HomeStage and TheaterThe Buffy Sing-Along Phenomenon

The Buffy Sing-Along Phenomenon

Buffy the Vampire Slayer may have ended its seven-year, 144-episode run on May 20, 2003, but the show’s popularity never truly waned. Originally crafted as a metaphor for the horrors of high school, it morphed into a coming-of-age narrative as the series progressed. Although Buffy was primarily a drama, it could also be funnier than any comedy on television – an amalgamation of numerous genres, expertly blended, adding to its vast appeal.

During its sixth season, the term “musical” was added to the list with the critically-acclaimed episode “Once More With Feeling.” Instead of being a one-shot hour of television, however, the installment briefly blossomed into a cultural phenomenon when Buffy Sing-Alongs started popping up shortly after the television series ended. These special screenings of “Once More With Feeling” packed theaters across the country over a three year period, bringing together Buffy fans and musical aficionados for a night of interactive entertainment.

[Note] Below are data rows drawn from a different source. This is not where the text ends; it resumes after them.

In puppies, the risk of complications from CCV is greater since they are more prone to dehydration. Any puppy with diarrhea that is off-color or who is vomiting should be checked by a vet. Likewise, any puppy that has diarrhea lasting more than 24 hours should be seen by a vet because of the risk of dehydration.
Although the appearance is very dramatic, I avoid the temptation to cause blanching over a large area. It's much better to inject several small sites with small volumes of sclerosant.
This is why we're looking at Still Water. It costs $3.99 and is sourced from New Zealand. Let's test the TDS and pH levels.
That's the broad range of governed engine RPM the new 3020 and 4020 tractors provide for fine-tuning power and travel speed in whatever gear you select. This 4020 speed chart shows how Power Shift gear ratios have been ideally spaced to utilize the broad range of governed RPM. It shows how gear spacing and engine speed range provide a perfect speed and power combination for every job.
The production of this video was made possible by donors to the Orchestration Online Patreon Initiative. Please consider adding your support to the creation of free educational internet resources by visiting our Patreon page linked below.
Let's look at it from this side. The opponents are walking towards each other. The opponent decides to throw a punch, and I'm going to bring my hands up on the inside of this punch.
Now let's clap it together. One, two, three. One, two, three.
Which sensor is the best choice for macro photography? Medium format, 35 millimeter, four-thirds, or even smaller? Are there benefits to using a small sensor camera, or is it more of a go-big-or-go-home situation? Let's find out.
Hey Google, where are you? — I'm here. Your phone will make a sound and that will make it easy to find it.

Buffy Sing-Along initially sprouted organically. Instead of FOX or Mutant Enemy – the two production companies involved with show – marketing it to outside venues, it was the venues themselves that took the lead in securing the licensing rights and organizing the showings. The Coolidge Corner Theater in Brookline, Massachusetts, has the distinction of holding the first Sing-Along on October 22, 2004, with the Alamo Drafthouse in Austin, Texas, following two months later. Vancouver added its name to the list in 2005, and during a two-week period in September 2006, New York City and Pittsburgh also joined the fray.

Because these Buffy Sing-Alongs were fan-driven without any formalized structure, each location was free to give the event its own unique flavor. The Alamo in Austin – which held over seven Sing-Alongs – often screened a “warm-up” episode of Buffy the Vampire Slayer before the main event. New York City had a Buffy-oke contest, meanwhile, and offered attendees the opportunity to act out scenes from the series, while Pittsburgh had a trivia contest “showdown” between two lucky fans of the show.

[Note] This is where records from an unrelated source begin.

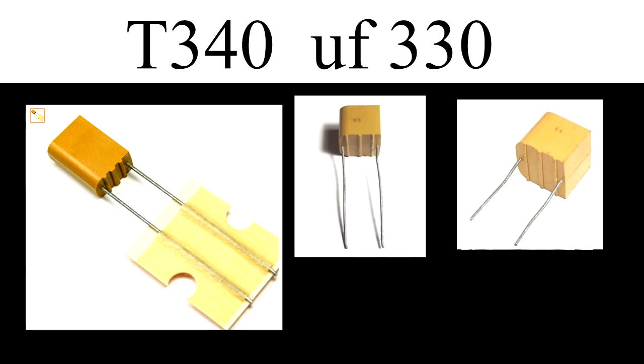The next chip is called the T340 — sounds like a terminator or something. This one is a bit different; it's what's called a tantalum ceramic chip. They've got different shapes — the way to notice this one is it's sort of a rectangular shape with a curvature, and it's also got a serrated bottom.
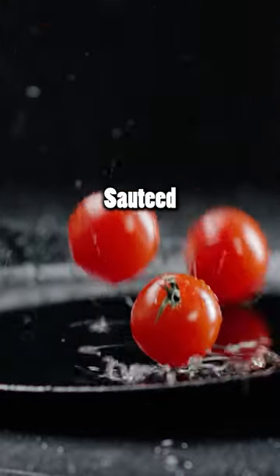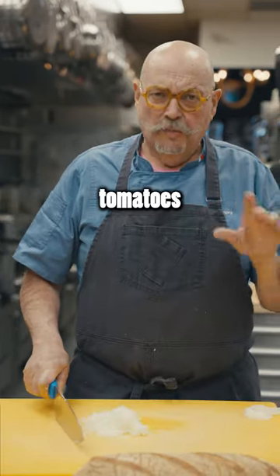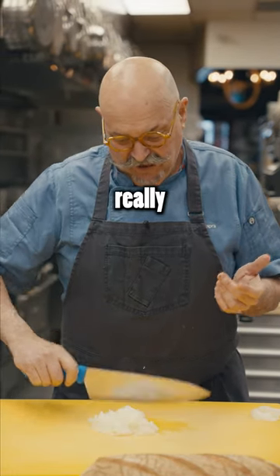Cherry tomatoes, if you want to sauté them quickly with garlic and oil, make a beautiful pasta. Regular tomatoes that you put in a salad, generally, I wouldn't cook with them really very much.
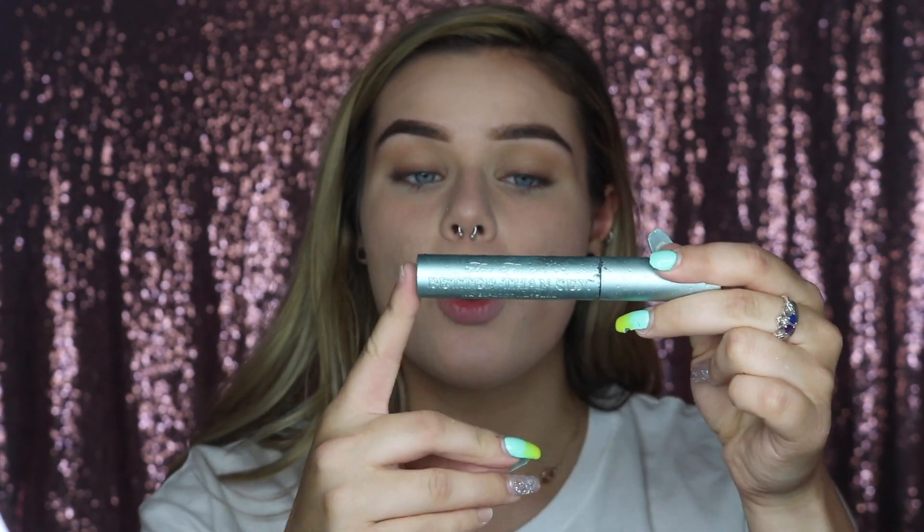For my mascara I'm using the Too Faced Better Than Sex Waterproof Mascara. I like to use waterproof in the summer whenever I can because you never know when you're going to go swimming or whatever you're doing. When it's hot the last thing you want is your mascara running, so I tend to stick to waterproof mascara. Obviously depending on what I'm doing, if I know I'm just going out then that's whatever, but I really love this one — it's super waterproof.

Despite such innovation, other aspects of these Buffy Sing-Alongs did indeed overlap. “Goody bags” were given out, containing everything from plastic fangs to kazoos, bubble blowers to packets of mustard. Fliers were also made available so that audience members would know when to use each item – the bubbles were for Willow and Tara’s “Under Your Spell,” for instance, while everyone was asked to hum on the kazoo during “Something to Sing About.”

Attendees were also encouraged to dance in the aisles during “I’ll Never Tell,” as well as hold hands and sway for “Where Do We Go From Here?” Vancouver even passed out underwear for people to throw during “The Parking Ticket” song, which contains the line, “Hey, I’m not wearing underwear.”

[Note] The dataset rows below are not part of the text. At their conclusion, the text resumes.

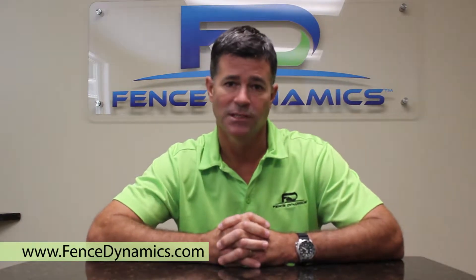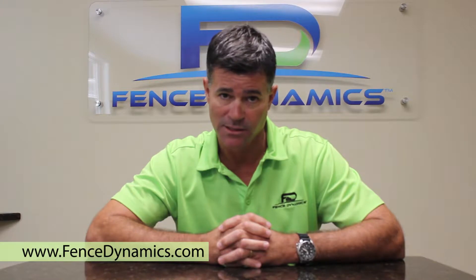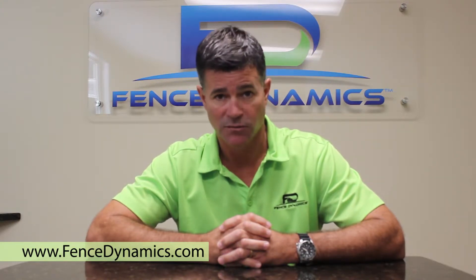Hi, my name is Blaise Pacelli at Fence Dynamics. I want to touch base with you today on the warranty on vinyl and aluminum fences. As always, all our fences come with a one-year labor warranty against labor defects. The manufacturer will warrant the product for a lifetime, which is a transferable warranty.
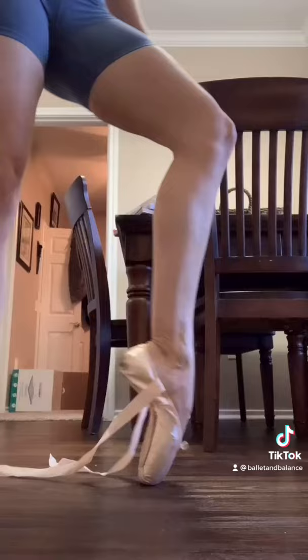This shoe is completely dead — as you can see, it's kind of letting me fall forward. Whereas this shoe is basically brand new: it keeps me lifted out of the box and is able to support me.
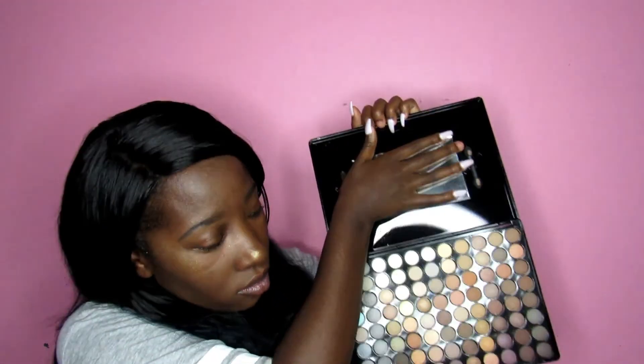Next is this 88-color eyeshadow palette that I got from Ricky's and it is all neutrals. Here's one little problem — I don't know how to do eyeshadow at all. People keep saying it's the easiest part of doing makeup, but no, stop telling me that, because I genuinely do not know what I'm doing with eyeshadow.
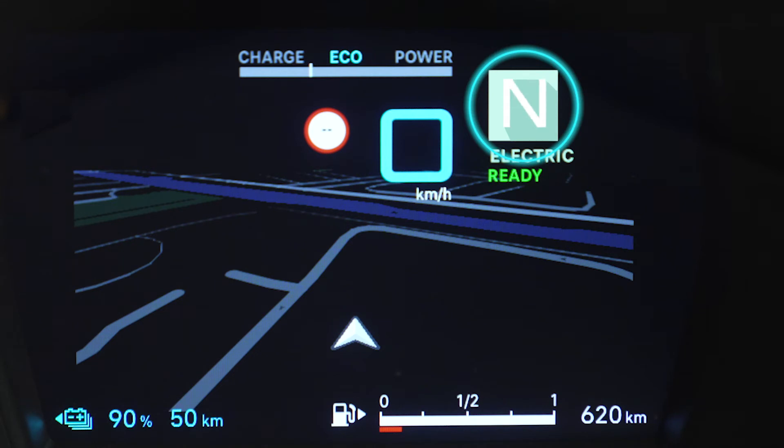N for neutral, D for automatic drive, B for active regenerative braking, M for manual drive.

“If Star Trek had done a musical episode, we would all be here on a Friday night,” remarked Elizabeth Cromwell, one of the hundreds of Buffy the Vampire Slayer fans who attended the September 2006 screening in Pittsburgh, Pennsylvania. “If The X-Files had done a musical episode we would be here, but they never did. There is nothing else. The kind of shows that hit on this level are few. Rocky Horror was first. Maybe this Buffy is second.”

Cromwell was not the only one to draw similarities between “Once More With Feeling” and The Rocky Horror Picture Show, as the IFC Center in New York City billed the Buffy Sing-Along as being “in the tradition of Rocky Horror.”

“Who doesn’t dream of getting a little piece of that vibe?” Buffy creator Joss Whedon rhetorically asked MTV at the time. “I wrote it to be an episode of television to air and disappear. I didn’t think about its afterlife that much, and now it has much more of an afterlife than I could ever have expected, and a much more fun one.”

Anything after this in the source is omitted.